=== Section Start ===
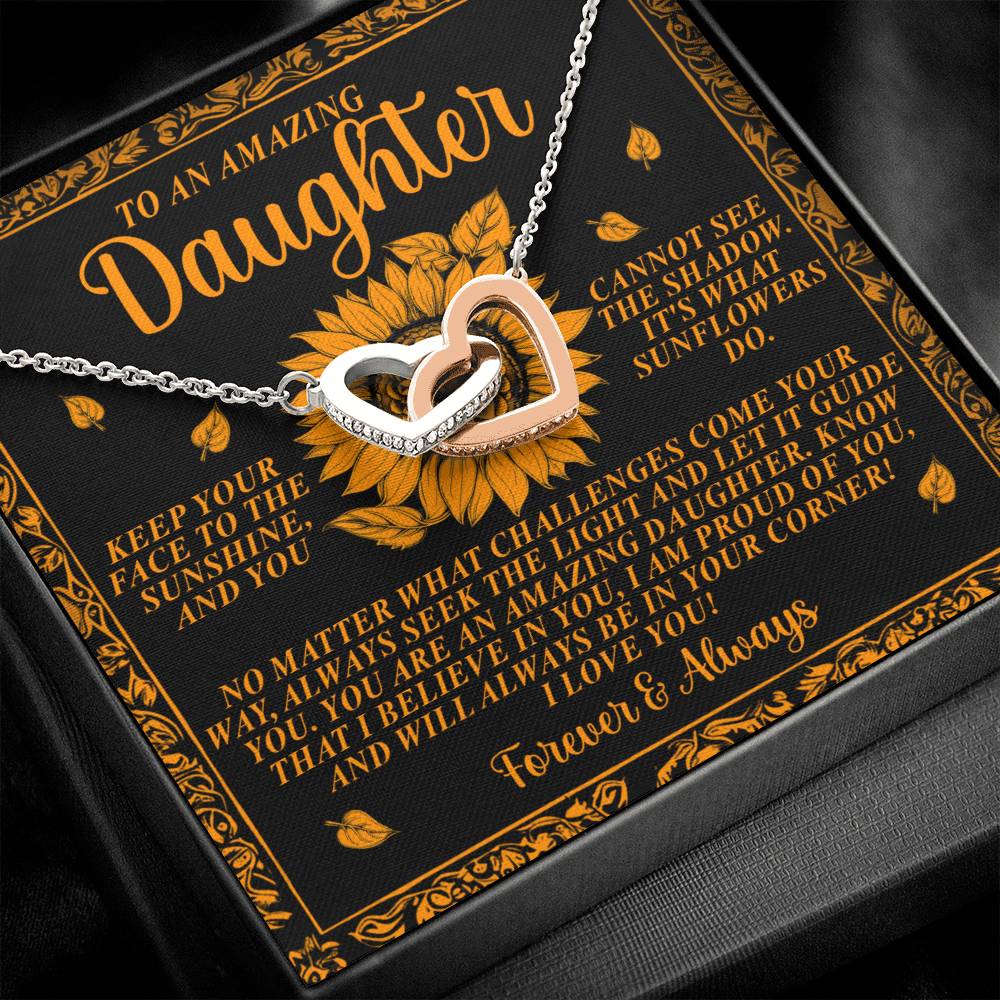 Daughter - Seek Light - Interlocking Hearts
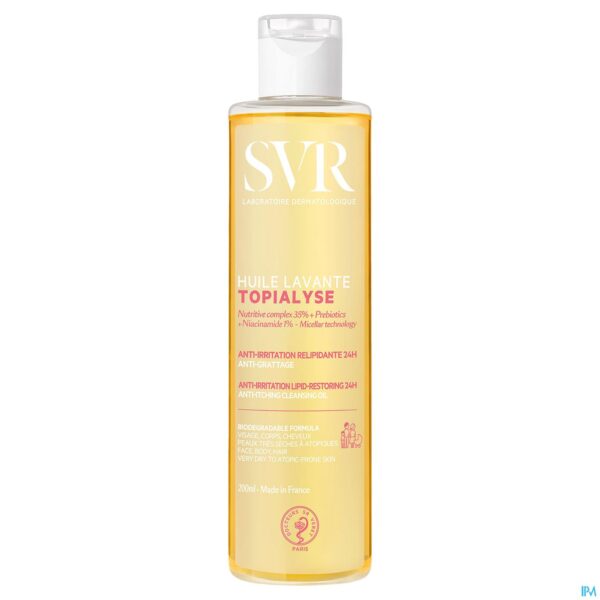 Productshot Svr Topialyse Huile Lavante 200ml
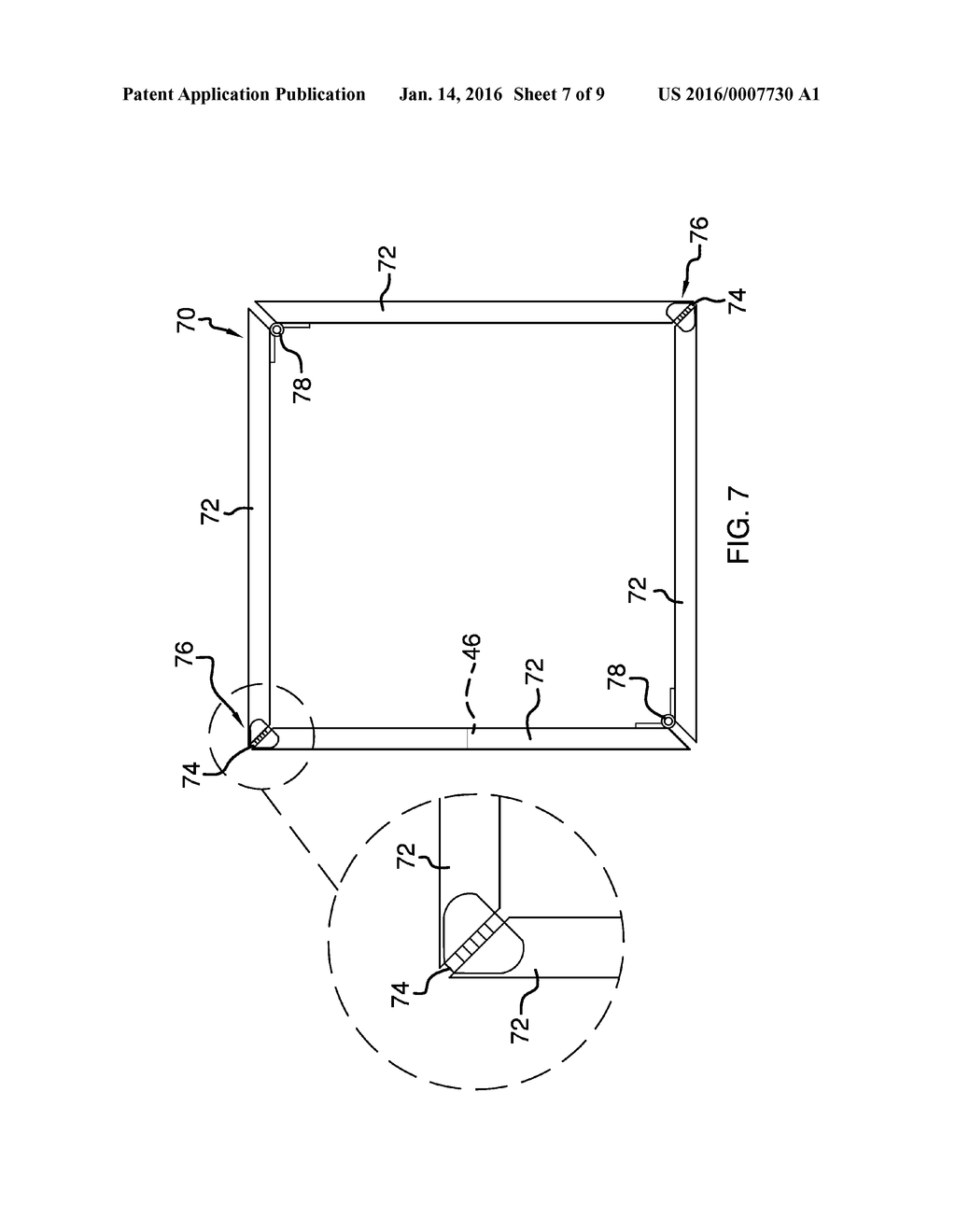 Tree Stand Table Device - diagram, schematic, and image 08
=== Section End ===
_Task to carry out_
Print the material above verbatim except the pictures.

_Result_
 Daughter - Seek Light - Interlocking Hearts
 Productshot Svr Topialyse Huile Lavante 200ml
 Tree Stand Table Device - diagram, schematic, and image 08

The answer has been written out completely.